Last week, the Supreme Court agreed to decide whether a controversial Arizona immigration law is valid.  Commentators have noted that by adding the Arizona case to a docket that already includes the challenges to the 2010 federal health care law and a Texas redistricting case, the Justices have ensured that the current Supreme Court Term will be one of the most important in years.

What is more, the current Term will conclude just as the Presidential general election campaign is heating up.  And each of the three sets of issues these cases raise is at heart a struggle over the proper scope of federal and state power—one of the central issues currently dividing the two major parties.
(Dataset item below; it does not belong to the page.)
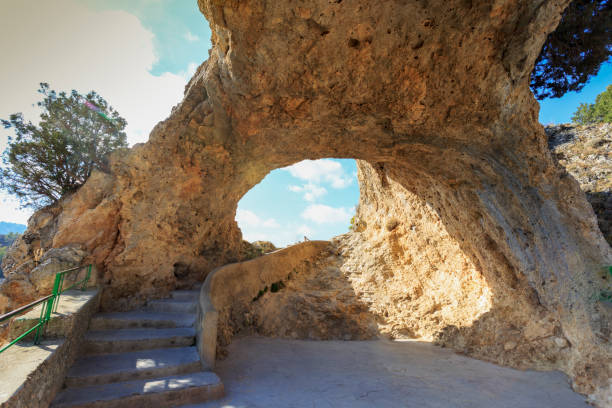 berg der serrania de cuenca in spanien - cuenca province stock-fotos und bilder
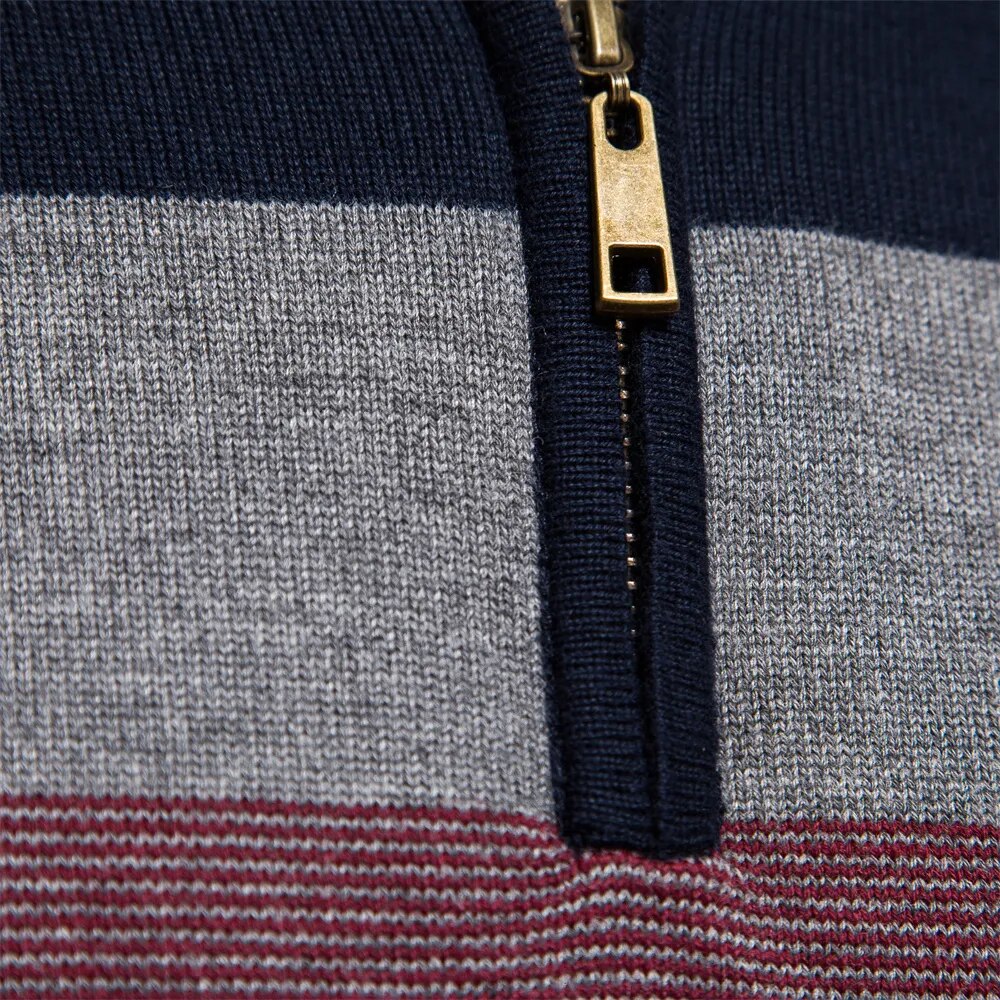 Knitted men's quarter-zip sweater, striped pattern, ideal for cool weather and everyday comfort.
The commentators who have emphasized the political stakes and the federalism dimension of the Court’s current docket are not wrong.  But it nonetheless oversimplifies matters to treat these cases as all of a piece.  As I shall explain in this column, the Arizona case, in particular, is at least as much about how to allocate power between Congress and the President as it is about the balance of power between the states and the federal government.

The Arizona Case

In recent years, the federal government has stepped up its border patrols and other efforts to enforce the nation’s immigration laws.  Partly as a consequence of this stricter enforcement and partly due to fewer job opportunities during the current economic downturn, illegal immigration has been cut dramatically from its recent peaks.  Nonetheless, voters and legislators in a number of states have recently enacted laws that are premised on the view that their states are being flooded with undocumented immigrants that the federal government either cannot or will not intercept.  Arizona has been a pioneer in enacting such laws.

At issue in the current case is S.B. 1070, an Arizona law enacted in 2010 that both instructs state and local officials to investigate the status of certain persons suspected of being undocumented immigrants, and imposes state penalties on such undocumented immigrants that go beyond the penalties prescribed by federal law.  The federal government sued to enjoin enforcement of S.B. 1070, winning in both the federal district court and the U.S. Court of Appeals for the Ninth Circuit.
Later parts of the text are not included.